[Supplied material]
####################

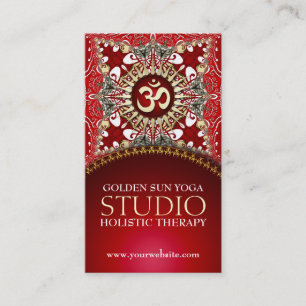 Goldener OM-Yoga-Batik-Bohemische rote Visitenkarte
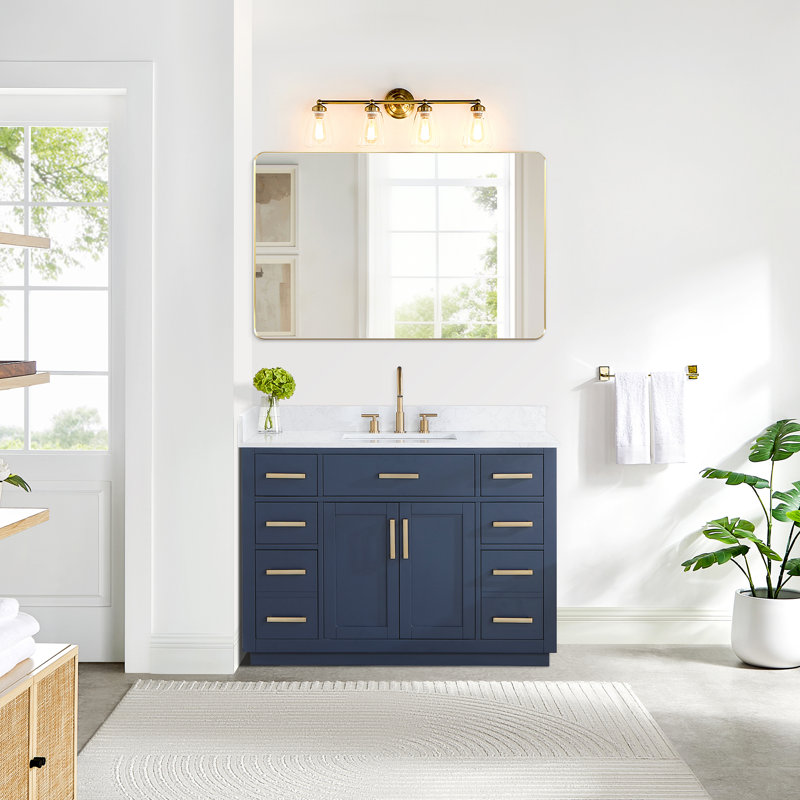 Ensemble de meuble-lavabo simple 48 po Gavino, Bleu royal, Doré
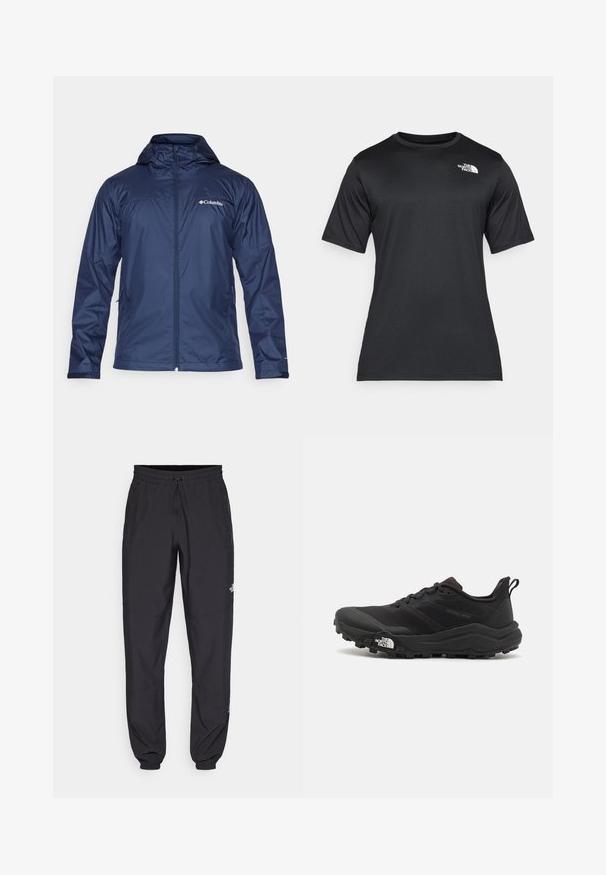 Mørkeblue regnjakke med hætte, fuld lynlås, to sidelommer og Columbia-logo på venstre bryst. Glat, vandafvisende stof.; Sort kortærmet t-shirt lavet af letvægts, fugttransporterende materiale. Har et hvidt logo på venstre bryst og en rund halsudskæring.; Sorte atletiske bukser lavet af letvægtsstof, med en snor i taljen, sidelommer og tapered manchetter ved anklerne.; Sort trail løbesko med en struktureret overdel, gummisål og forstærket tåhætte. Har en polstret krave og en pull-tab til nem påtagning.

####################

All of the data above should be quoted exactly, except for the pictures.

 Goldener OM-Yoga-Batik-Bohemische rote Visitenkarte
 Ensemble de meuble-lavabo simple 48 po Gavino, Bleu royal, Doré
 Mørkeblue regnjakke med hætte, fuld lynlås, to sidelommer og Columbia-logo på venstre bryst. Glat, vandafvisende stof.; Sort kortærmet t-shirt lavet af letvægts, fugttransporterende materiale. Har et hvidt logo på venstre bryst og en rund halsudskæring.; Sorte atletiske bukser lavet af letvægtsstof, med en snor i taljen, sidelommer og tapered manchetter ved anklerne.; Sort trail løbesko med en struktureret overdel, gummisål og forstærket tåhætte. Har en polstret krave og en pull-tab til nem påtagning.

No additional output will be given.